The policy announcement by the Reserve Bank of India (RBI) usually has an indirect impact on individual households when the rates go up or down. The household depositor and borrower get higher or lower rates eventually depending on the direction of the rate movement. But the covid pandemic has induced RBI to directly address concerns of distressed households with a slew of measures starting March 2020.

The statement of the RBI governor on 6 August, too, has something for the household. One, distressed individual borrowers can look forward to more forbearance ahead. Two, households with liquidity issues can look forward to a higher loan against their physical gold holdings.

One, forbearance on personal loans. If you have an equated monthly instalment or EMI to pay and you either lost your job or had a business loss due to the lockdown, RBI has announced a relief plan for you. If you have paid all your EMIs till 31 March and are still classified as ‘standard’ and not in ‘default’, you are eligible for this restructuring.

Different kinds of loans are eligible for this restructuring, including home, vehicle, gadget, personal, credit card, education and home improvement. The agreement between the lender and borrower must be made before 31 December. The relief you get includes an increase in the tenure of the loan for up to two years, payments can get rescheduled, a further moratorium to the one already in existence.

The exact rules of the game will probably be up to each lender. At this point, it seems that the expert committee headed by K.V. Kamath will be looking at the non-personal loan rules of the game. This will get clear once the committee is constituted.

What individual borrowers won’t get is a free pass of not paying back the loan. It is also likely that the lender will impose costs to work this out and get ready to claw back the accumulated interest at the end of the moratorium period. But for a borrower in distress, a little forbearance gives time to get back on his feet.
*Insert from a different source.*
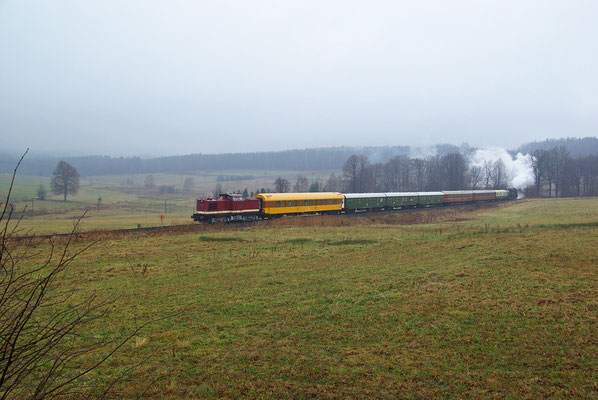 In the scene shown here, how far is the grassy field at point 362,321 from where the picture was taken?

The statement specifically prohibits bank staff from taking advantage of this loan restructuring—probably the memories of demonetization when banking staff showed what they were really made of and managed to turn black into white at great benefit to themselves.

Two, when you take your gold for a loan to a gold lender, today you get 75% of the value of the gold as loan. If your gold is worth 1 lakh, you bring home 75,000 in cash. RBI has hiked this to 90%. You will get 90,000 on a gold value of 1 lakh till 31 March 2021.
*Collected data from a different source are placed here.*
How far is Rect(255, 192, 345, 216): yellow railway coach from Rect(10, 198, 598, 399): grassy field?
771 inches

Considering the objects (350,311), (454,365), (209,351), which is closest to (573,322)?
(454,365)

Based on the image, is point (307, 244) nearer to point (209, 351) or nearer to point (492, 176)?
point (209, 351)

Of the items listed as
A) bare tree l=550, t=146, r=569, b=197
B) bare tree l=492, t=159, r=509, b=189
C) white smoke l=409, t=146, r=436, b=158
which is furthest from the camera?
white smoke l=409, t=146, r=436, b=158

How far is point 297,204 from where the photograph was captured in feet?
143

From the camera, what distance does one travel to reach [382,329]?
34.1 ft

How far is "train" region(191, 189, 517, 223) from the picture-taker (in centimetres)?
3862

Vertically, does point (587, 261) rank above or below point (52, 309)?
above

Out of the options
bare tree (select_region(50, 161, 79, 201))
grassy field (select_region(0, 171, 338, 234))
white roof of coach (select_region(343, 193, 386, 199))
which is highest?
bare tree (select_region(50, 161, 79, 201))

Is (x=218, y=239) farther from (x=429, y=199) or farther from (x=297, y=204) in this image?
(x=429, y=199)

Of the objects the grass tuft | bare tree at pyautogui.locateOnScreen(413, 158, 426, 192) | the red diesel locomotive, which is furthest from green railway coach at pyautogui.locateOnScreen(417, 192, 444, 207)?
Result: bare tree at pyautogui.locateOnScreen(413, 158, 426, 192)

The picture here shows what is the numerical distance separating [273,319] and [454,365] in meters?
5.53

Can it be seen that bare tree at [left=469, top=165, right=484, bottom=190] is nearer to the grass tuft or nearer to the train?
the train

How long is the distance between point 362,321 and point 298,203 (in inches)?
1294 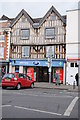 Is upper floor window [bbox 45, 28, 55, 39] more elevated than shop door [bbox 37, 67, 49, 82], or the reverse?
upper floor window [bbox 45, 28, 55, 39]

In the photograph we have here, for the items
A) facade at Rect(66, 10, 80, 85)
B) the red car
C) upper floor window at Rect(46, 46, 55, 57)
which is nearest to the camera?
the red car

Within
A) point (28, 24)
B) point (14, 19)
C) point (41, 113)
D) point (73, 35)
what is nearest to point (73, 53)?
point (73, 35)

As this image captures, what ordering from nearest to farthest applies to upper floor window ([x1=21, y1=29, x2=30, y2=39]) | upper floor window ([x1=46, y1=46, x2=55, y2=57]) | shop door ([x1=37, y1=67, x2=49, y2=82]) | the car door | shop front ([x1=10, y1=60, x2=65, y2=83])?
the car door → upper floor window ([x1=46, y1=46, x2=55, y2=57]) → shop front ([x1=10, y1=60, x2=65, y2=83]) → shop door ([x1=37, y1=67, x2=49, y2=82]) → upper floor window ([x1=21, y1=29, x2=30, y2=39])

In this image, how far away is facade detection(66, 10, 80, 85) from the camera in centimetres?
2552

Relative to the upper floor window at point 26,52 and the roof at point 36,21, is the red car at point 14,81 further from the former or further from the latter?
the roof at point 36,21

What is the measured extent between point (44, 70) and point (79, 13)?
774 cm

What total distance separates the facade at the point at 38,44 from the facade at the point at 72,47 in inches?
26.9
With gold prices up by more than 30% in the past few months, this means a big jump in the loan value the household can get.

It is a big boost for households short of cash—typically of those who lost their jobs or small businesses whose enterprises are shut. But households should be cautious to use this facility—gold prices are volatile and a dip in value should not cause distress.

RBI has moved consistently and quickly since the start of the pandemic to calm markets, to provide liquidity and, now, these steps should go some distance in giving relief to the distressed liquidity-starved household.

Monika Halan is consulting editor at Mint and writes on household finance, policy and regulation.